- _TASK TO COMPLETE_
Repeat the data word for word, excluding every picture.

- _DATA EXTRACT_
● ● ●

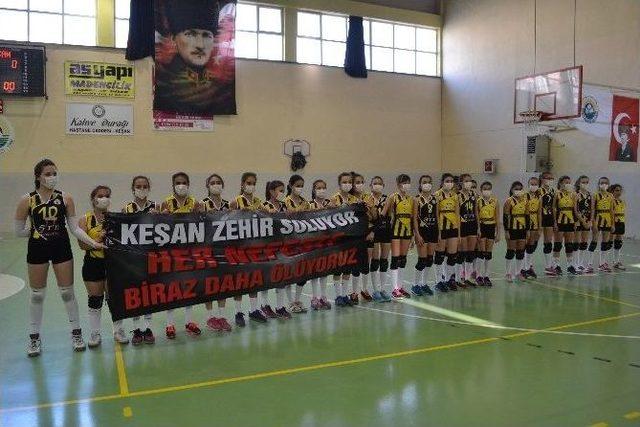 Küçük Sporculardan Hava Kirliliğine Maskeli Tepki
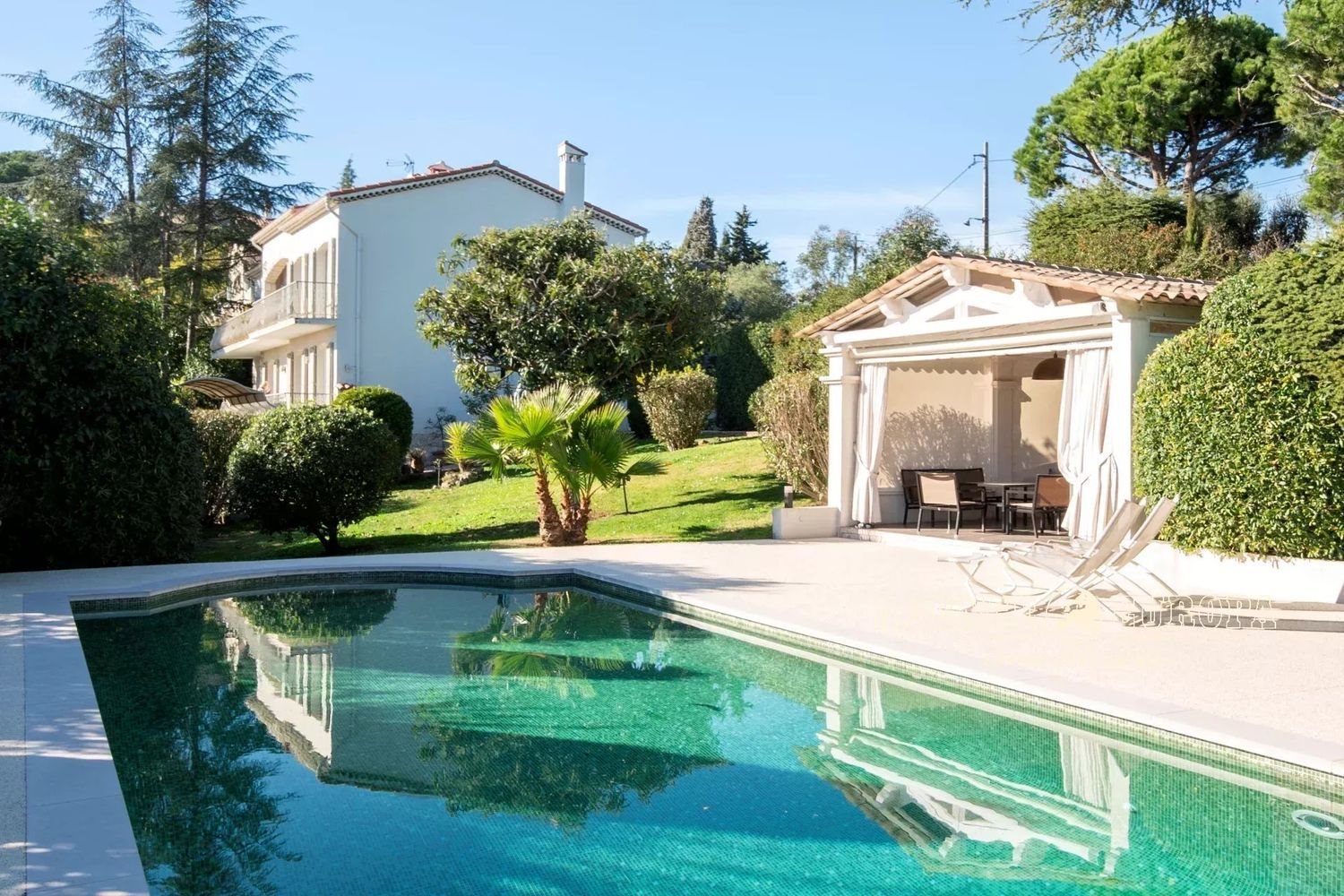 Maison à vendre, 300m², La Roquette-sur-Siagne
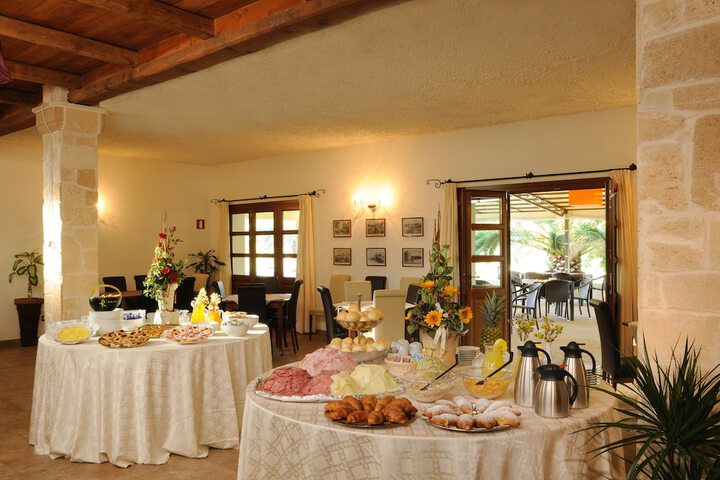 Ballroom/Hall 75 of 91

● ● ●

- _TASK RESPONSE_
 Küçük Sporculardan Hava Kirliliğine Maskeli Tepki
 Maison à vendre, 300m², La Roquette-sur-Siagne
 Ballroom/Hall 75 of 91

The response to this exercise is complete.